You can see graffiti left by the men who built the cabin, and by the ranchers who used it. Nearly seven decades of wear give the cabin a feel of rustic comfort. People reported making repairs. In the same spirit, I fix a rain gutter and haul ash from the hearth.
Beside the journal lies a self-published pamphlet titled Reflections of the Past as It Rolled Along by Zeke Taylor, son of one of the pioneer stockmen. Taylor said he guided people to the cabin in the 1950s.
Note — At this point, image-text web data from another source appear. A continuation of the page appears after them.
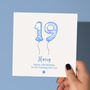 Blue Balloon Personalised 19th Birthday Card, thumbnail 1 of 5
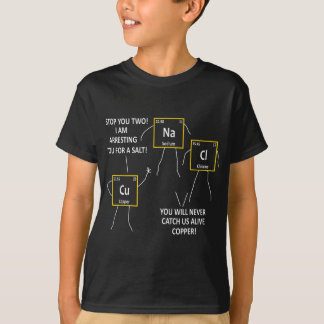 T-shirt NaCl sel et cuivre Tableau périodique Police Pun C
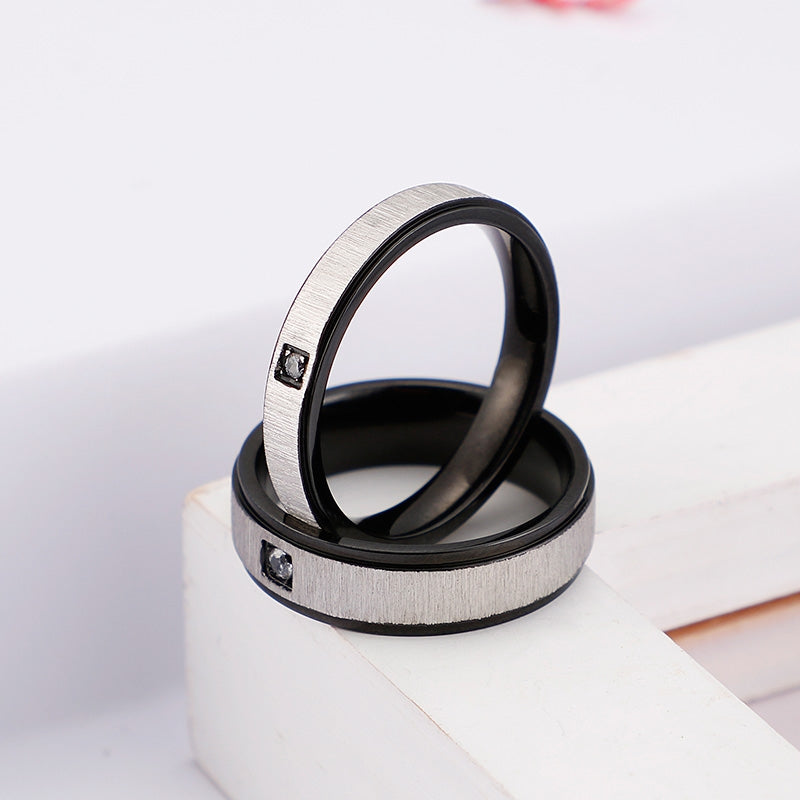 Simple Geometric Black Matte Titanium Steel Couple Ring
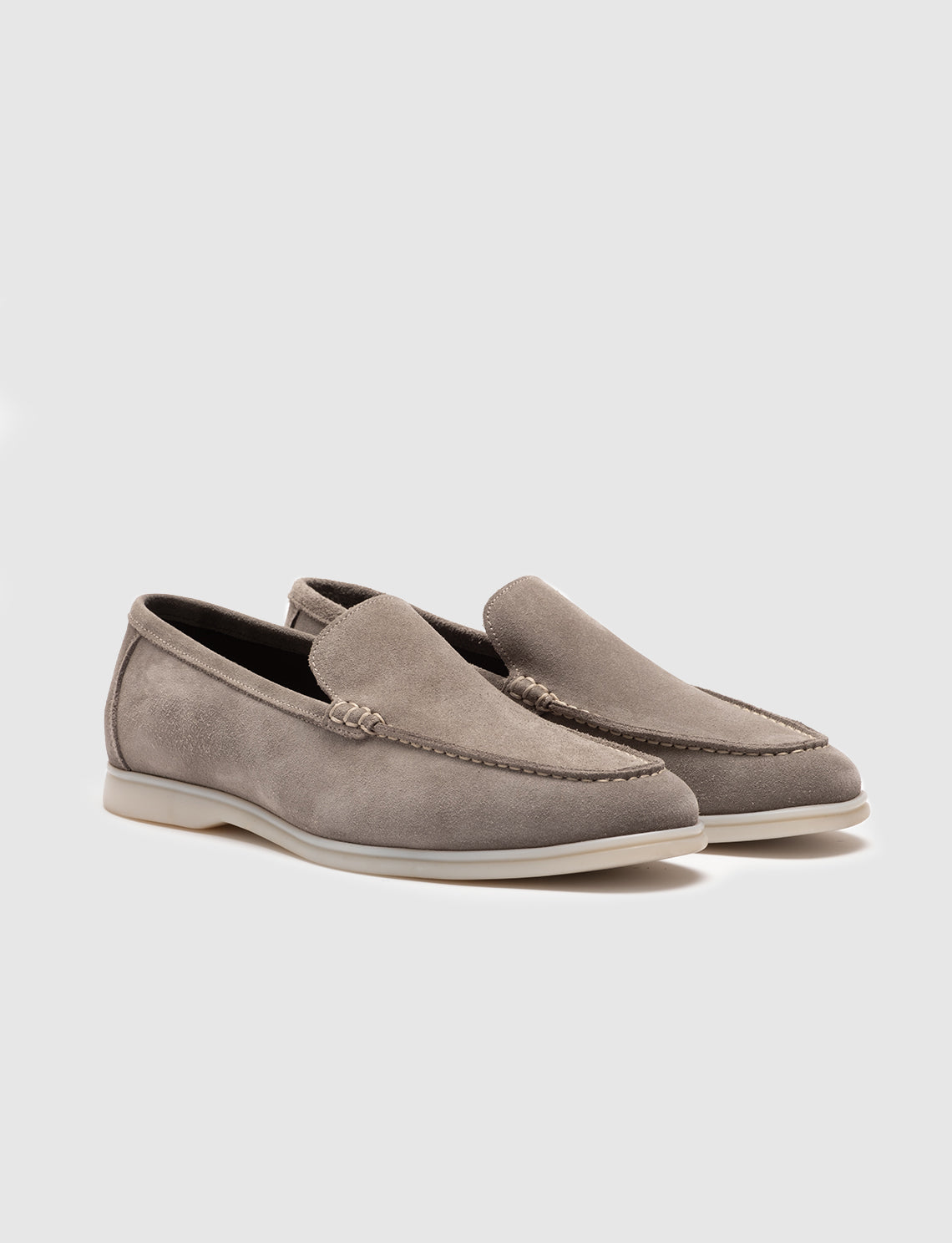 Men Beige Genuine Leather Casual Slip Ons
The Taylors, he wrote, drove horses and cattle into the canyon during winter, returning them in summer to the high country. Both men are buried in the Middle Verde Cemetery, not far from where the U.S. Army under Gen. George Crook rode out of Fort Verde against the Apaches just about the time the pioneers were starting their cattle operation.
During my three days, the water holes have shrunk 2 inches. In two more weeks, the water will be gone. I shoulder my backpack, take a last look from a ridge and reluctantly leave behind the soothing solitude of Taylor Cabin.